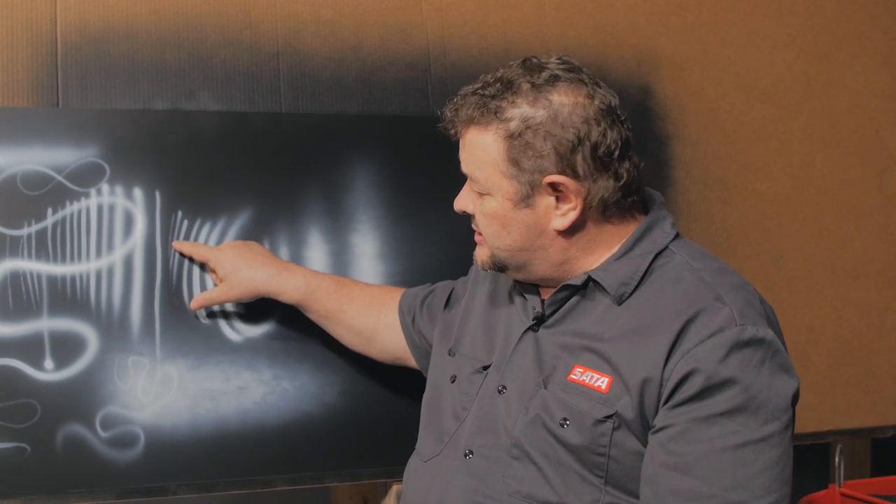You can go from a fine line to full coverage all in one gun — it's just a matter of how you hold it, the fan versus round pattern, how close or far you are, and your air pressure. I've found that with bigger spray guns, unlike an airbrush where we cut air pressure for fine lines, it almost has the opposite effect. We leave our pressure up around 29 pounds, as high as we can go, and we can actually do finer lines from there. More air keeps the pattern tighter because of the way the air cap blows around it — so it's different from how an airbrush works.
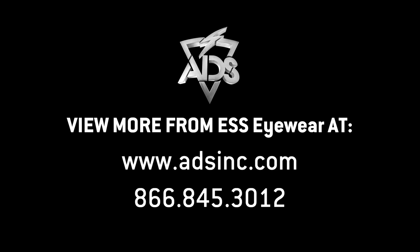Okay, great. Well, I appreciate the partnership you have with ADS and ESS, and thanks for coming over and talking with us. Thanks for having me. Appreciate it. Thank you.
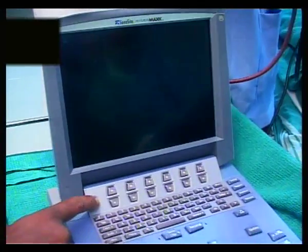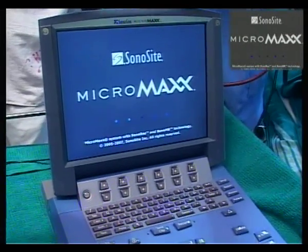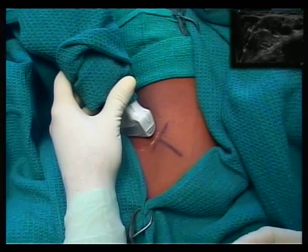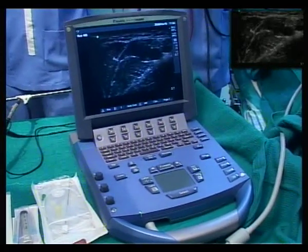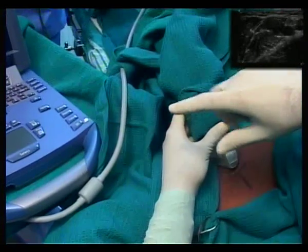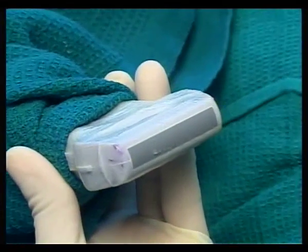What I'm holding in my hand is the transducer probe and the transducer head. This is the heart of the machine — the entire box you see here is just a computer. Eighty percent of the cost of the machine is the transducer probe, and it depends on which transducer probe you use for what type of block.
───
▶ **Task prompt**
Once the pictures are set aside, output all of the data above verbatim.

▶ **Exercise solution**
You can go from a fine line to full coverage all in one gun — it's just a matter of how you hold it, the fan versus round pattern, how close or far you are, and your air pressure. I've found that with bigger spray guns, unlike an airbrush where we cut air pressure for fine lines, it almost has the opposite effect. We leave our pressure up around 29 pounds, as high as we can go, and we can actually do finer lines from there. More air keeps the pattern tighter because of the way the air cap blows around it — so it's different from how an airbrush works.
Okay, great. Well, I appreciate the partnership you have with ADS and ESS, and thanks for coming over and talking with us. Thanks for having me. Appreciate it. Thank you.
What I'm holding in my hand is the transducer probe and the transducer head. This is the heart of the machine — the entire box you see here is just a computer. Eighty percent of the cost of the machine is the transducer probe, and it depends on which transducer probe you use for what type of block.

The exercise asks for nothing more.